A peer-reviewed study found that nearly half of all health and medical answers from popular AI chatbots are wrong, misleading, or dangerously incomplete. Researchers testing Gemini, DeepSeek, Meta AI, ChatGPT, and Grok on 250 health questions determined that 49.6% of responses were problematic. The findings highlight significant risks as these models are deployed at scale and rarely refuse to answer.
Nearly half of the health answers provided by major AI chatbots are wrong, misleading, or dangerously incomplete, according to a peer-reviewed study. Researchers from UCLA, the University of Alberta, and Wake Forest found 49.6% of responses to 250 questions were problematic, with 19.6% rated “highly problematic.” The team used an adversarial approach, deliberately phrasing questions to push chatbots toward bad advice.

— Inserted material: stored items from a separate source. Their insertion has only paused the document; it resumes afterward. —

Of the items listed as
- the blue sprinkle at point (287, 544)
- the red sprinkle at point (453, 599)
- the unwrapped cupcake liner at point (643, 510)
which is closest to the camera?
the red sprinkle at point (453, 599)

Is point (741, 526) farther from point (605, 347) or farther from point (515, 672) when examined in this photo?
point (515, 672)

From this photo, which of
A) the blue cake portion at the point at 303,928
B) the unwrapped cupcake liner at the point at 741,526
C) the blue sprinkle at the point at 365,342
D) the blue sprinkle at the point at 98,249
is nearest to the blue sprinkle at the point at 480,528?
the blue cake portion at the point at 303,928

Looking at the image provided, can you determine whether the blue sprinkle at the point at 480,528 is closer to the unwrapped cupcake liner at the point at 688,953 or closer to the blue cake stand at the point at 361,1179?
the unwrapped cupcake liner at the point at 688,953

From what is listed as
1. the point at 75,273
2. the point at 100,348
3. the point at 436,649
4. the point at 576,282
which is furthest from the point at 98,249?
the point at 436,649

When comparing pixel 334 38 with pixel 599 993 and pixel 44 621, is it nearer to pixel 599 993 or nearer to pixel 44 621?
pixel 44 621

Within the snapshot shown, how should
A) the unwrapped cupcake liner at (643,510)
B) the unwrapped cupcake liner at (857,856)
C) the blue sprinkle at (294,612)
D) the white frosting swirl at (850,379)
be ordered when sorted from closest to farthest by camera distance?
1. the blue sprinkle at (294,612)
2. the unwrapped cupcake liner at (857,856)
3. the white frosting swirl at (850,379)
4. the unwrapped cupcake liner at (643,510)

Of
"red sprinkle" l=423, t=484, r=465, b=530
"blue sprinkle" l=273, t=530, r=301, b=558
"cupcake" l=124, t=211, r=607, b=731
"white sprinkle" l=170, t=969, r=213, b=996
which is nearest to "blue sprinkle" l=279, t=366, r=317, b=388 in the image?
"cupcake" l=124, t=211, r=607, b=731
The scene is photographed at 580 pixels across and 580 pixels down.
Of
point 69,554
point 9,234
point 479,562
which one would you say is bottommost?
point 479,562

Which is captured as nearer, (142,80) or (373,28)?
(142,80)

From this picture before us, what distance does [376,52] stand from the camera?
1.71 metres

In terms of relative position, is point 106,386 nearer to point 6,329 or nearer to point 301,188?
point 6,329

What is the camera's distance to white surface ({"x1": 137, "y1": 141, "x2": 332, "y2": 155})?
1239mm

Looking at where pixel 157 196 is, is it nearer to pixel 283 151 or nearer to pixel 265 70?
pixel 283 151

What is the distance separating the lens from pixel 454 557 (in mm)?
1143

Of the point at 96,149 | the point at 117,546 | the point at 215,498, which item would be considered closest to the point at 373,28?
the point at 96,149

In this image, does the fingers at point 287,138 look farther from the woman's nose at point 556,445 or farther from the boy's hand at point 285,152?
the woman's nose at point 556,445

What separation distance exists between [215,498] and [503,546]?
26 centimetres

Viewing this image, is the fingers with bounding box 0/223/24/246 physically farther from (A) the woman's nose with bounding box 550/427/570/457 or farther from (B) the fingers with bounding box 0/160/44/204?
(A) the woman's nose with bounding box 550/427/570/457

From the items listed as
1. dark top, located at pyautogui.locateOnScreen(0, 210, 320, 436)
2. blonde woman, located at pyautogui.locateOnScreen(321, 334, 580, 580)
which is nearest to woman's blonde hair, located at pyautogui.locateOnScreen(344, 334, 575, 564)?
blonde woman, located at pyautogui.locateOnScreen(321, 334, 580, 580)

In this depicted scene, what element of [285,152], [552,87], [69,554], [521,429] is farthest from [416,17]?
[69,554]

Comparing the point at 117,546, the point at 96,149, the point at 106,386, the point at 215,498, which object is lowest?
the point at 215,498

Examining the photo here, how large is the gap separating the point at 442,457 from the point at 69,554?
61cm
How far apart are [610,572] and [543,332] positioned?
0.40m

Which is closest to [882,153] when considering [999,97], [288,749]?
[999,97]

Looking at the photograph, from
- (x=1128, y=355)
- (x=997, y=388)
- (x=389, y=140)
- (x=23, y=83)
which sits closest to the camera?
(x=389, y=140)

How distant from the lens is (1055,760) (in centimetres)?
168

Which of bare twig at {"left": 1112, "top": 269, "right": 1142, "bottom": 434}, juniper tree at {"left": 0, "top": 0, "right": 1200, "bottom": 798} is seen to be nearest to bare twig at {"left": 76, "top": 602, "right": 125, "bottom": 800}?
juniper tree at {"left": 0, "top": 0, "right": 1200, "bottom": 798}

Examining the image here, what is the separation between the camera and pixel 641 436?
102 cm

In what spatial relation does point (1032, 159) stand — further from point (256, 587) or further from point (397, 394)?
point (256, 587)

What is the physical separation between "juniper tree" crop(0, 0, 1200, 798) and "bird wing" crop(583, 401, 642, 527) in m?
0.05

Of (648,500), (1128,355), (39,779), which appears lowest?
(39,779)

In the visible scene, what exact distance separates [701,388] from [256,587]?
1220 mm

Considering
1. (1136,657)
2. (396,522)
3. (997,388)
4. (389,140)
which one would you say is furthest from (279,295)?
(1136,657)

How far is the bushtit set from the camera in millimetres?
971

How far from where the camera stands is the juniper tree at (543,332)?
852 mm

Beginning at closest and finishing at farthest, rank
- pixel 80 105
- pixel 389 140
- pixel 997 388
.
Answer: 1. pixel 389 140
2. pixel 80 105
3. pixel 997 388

Performance varied significantly by chatbot and topic. Grok was the worst performer, with 58% of its responses rated problematic and 30% highly problematic. Nutrition and athletic performance questions fared the worst statistically across all models, while vaccines and cancer topics performed best. The researchers connected Grok’s poor performance directly to its training data from X, a platform known for spreading health misinformation.
Citations provided by the chatbots were a separate issue, with the median completeness score for references at just 40%. “They do not reason or weigh evidence, nor are they able to make ethical or value-based judgments,” the authors wrote. No chatbot produced a fully accurate reference list, with models hallucinating authors, journals, and titles.
All chatbot responses scored in the “Difficult” range for readability, exceeding medical recommendations for patient education materials. The findings echo a separate Oxford study from February 2026 that found AI medical advice no better than traditional self-diagnosis methods. “As the use of AI chatbots continues to expand, our data highlight a need for public education, professional training, and regulatory oversight,” the study concluded.